RPW chairman Brad Courtney noted Priebus yeoman’s work in cleaning up the financial mess and the organizational disarray of the RNC.
“Reince inherited a national party that was in turmoil,” Courtney said in a statement. “In a very short amount of time, he was able to put things back on track, bring the RNC out of debt, and instill confidence in leaders and activists across the country.
“His leadership is, without question, a major reason for the successes of the Party over the last two years, and his bold style of management will lead us to further success in the years to come.”
But there’s been a lot of criticism — from inside the RNC and out — following the re-election of President Obama, and the loss of Republican challenger Mitt Romney.

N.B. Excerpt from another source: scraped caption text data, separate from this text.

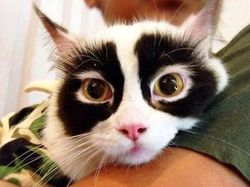 Kumpulan Potret Kucing Dengan Motif Bulu yang Unik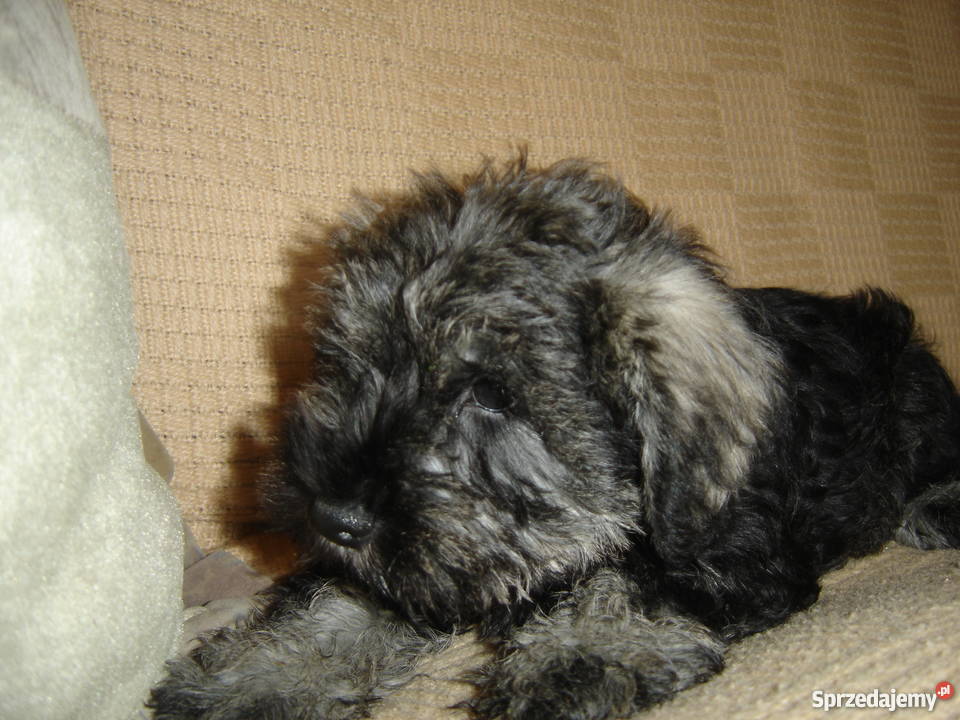 sznaucer miniaturowysznaucer miniatura Gagowy Nowe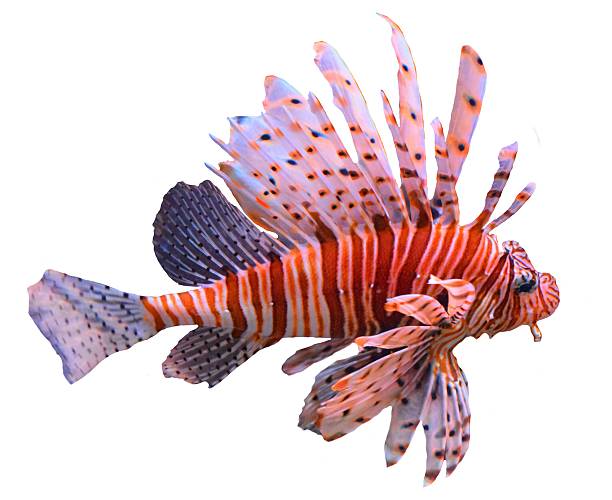 istock large tropical fish volitans lionfish isolated white background 542700544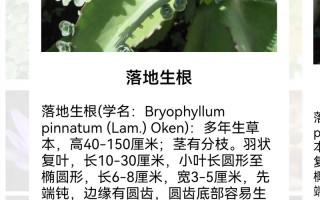 折射鲜花花语是什么（折射鲜花图片）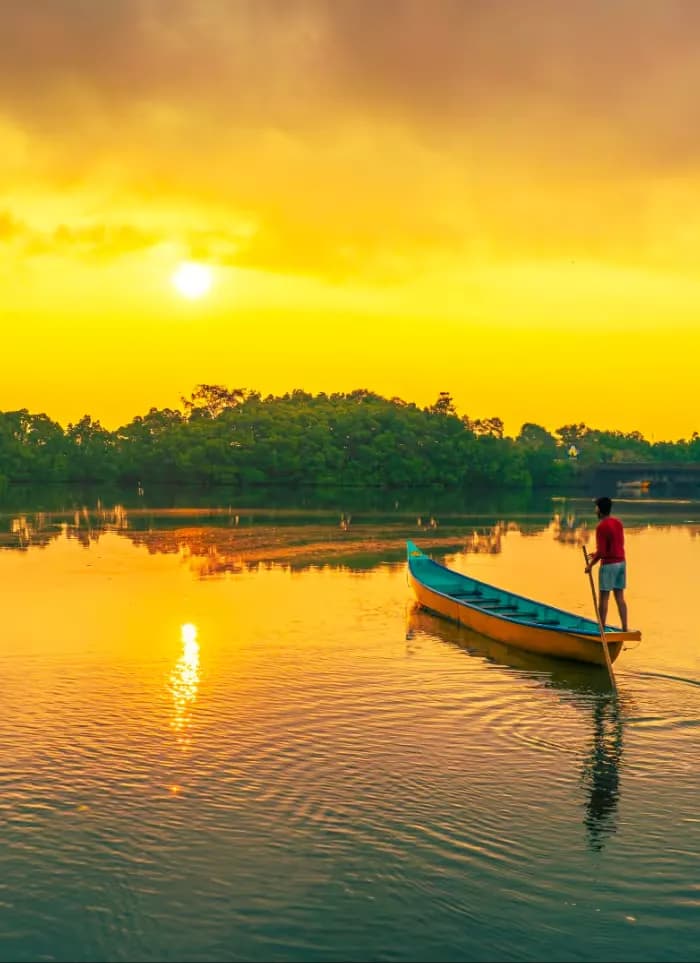 Saligrama Backwater Mangrove Forest slide 1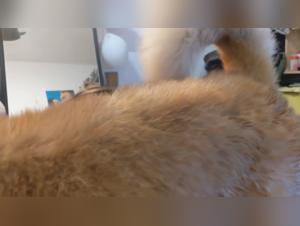 Consequences and Ethical Boundaries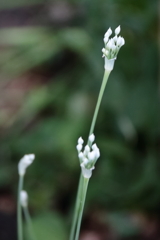 花散歩ニラ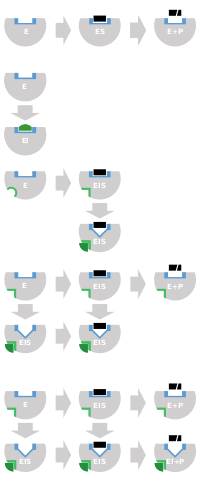 Schematic diagram of the three types of reversible inhibitors.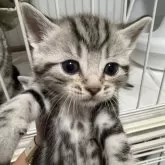 アメリカンショートヘア【東京都・男の子・2024年10月13日・シルバータビー】の写真1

The party now finds itself in a rebuilding mode, trying to figure out how to attract key voting populations, such as Hispanic voters, who overwhelmingly supported Obama.
Syndicated columnist David Brooks, in an editorial headlined “Who’s going to rebuild the GOP,” writes that the party has done a good job talking about rebuilding, but …
“In this reinvention process, Republicans seem to have spent no time talking to people who didn’t already vote for them,” Brooks asserts.
The key to that rebuilding effort, however, may be in who’s doing the talking.
Ryan, after a couple of months of “self-imposed silence,” is one of those key voices. The Republican House Budget Committee chairman delivered a widely followed speech recently to the National Review Institute, calling for a return to reason, and an emphasis on the cold, hard realities of fiscal discipline.
He has, again, been front and center in the meaty matters of debt reduction, proclaiming that he can eliminate the $1 trillion deficit in a decade, sans revenue increases. Budget experts say he can.
“As a purely mechanical exercise, Congress can cut enough spending — real cuts, not Washington-style cuts in the growth rate — to bring the budget into balance in a decade,” writes Bloomberg columnist Caroline Baum in a piece headlined, “Paul Ryan can do better than do-nothing Congress.”
For tea party conservatives, some of the Republican Party retooling must be disconcerting. There’s plenty of moderating talk going on, anyway.
Same can be said, arguably, for conservative stalwart Walker, the lion of public sector, collective-bargaining curbing Act 10, concealed carry, and regulatory reform. Some say the governor has shown softer spots of late, less than two years out from election, demurring on issues such as right-to-work and same-day voter registration, calling them distractions.
“There is a perception on the Republican side that Walker is invulnerable,” said Joe Heim, political science professor at the University of Wisconsin-La Crosse, noting the Teflon governor’s surviving last year’s bitter recall campaign. “I think he’s moving more toward the middle … I think the governor is more open to moderation.”
Perhaps. McAdams thinks it may be more of a case of been there, done that.
“He radically reduced union power and sharply improved Wisconsin’s budget status,” McAdams said. “That has been exhausted and maybe he’ll move on to other things.”
Plenty of pundits see Walker moving on to the national political stage. The governor has shown signs of taking his game to the next level — a presidential run in 2016.
And a sprinkle of moderation be damned, conservatives at large love Wisconsin’s governor.
“I think Walker’s striking success in his first year gives him a lot of political capital with conservatives,” McAdams said. “I think he’d have to turn into Colin Powell to make conservatives unhappy.”
While the Republican Party may be redefining itself nationally, that transition will be guided in large part from America’s Dairyland, McAdams predicts.